Pittsfield's Hebert Arboretum, located along Route 7 at Springside Park, has been restoring the growth of elms. According to information on the site, "Elm Allee" was a road lined with elms in the 1800s leading to Springside House, then called Elmhurst. The elms died and were replaced with silver maples. Work on the Allee at the Arboretum has been ongoing and 20 disease-resistant Princeton elms have been planted. (hebertarboretum.org)

Mayor Miller, a former publisher of The Berkshire Eagle, also initiated the the setting up of a commission in 1913 to establish a "system of parks" for the city. He donated 10 acres to Springside Park for "the good of the entire community " and his family later donated another 75 acres, according to the Berkshire Historical Society. Today, Pittsfield's many open spaces, public parks and conservation sites can help the city's resiliency to climate change. Trees can help filter pollution from the air and help soak up water during heavy storms. According to Mass Audubon, because of climate change, "Stronger storms can lead to erosion, weaken a tree's connection to the soil." Also, some types of forests could migrate northward in response to warmer climate and this could affect foliage and wildlife.

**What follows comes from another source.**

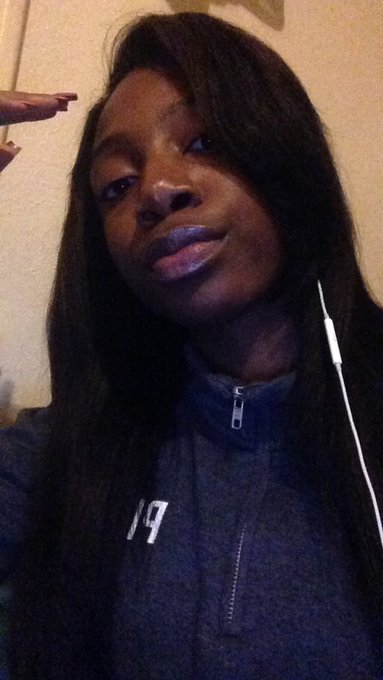 Watch 💛's leaked NSFW photo on TwXstars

Although Pittsfield and Berkshire streets are no longer lined with the handsome elms, today in many parts of North America, disease-resistant elms are being planted and cared for. The trees are highly valued for their beauty, grace and for their history. Pittsfield's famous historic elm, in the center of Park Square, had been removed in the 1800s but became a distinguished part of the city's heritage.

Judy Waters is a Pittsfield native and former Richmond resident.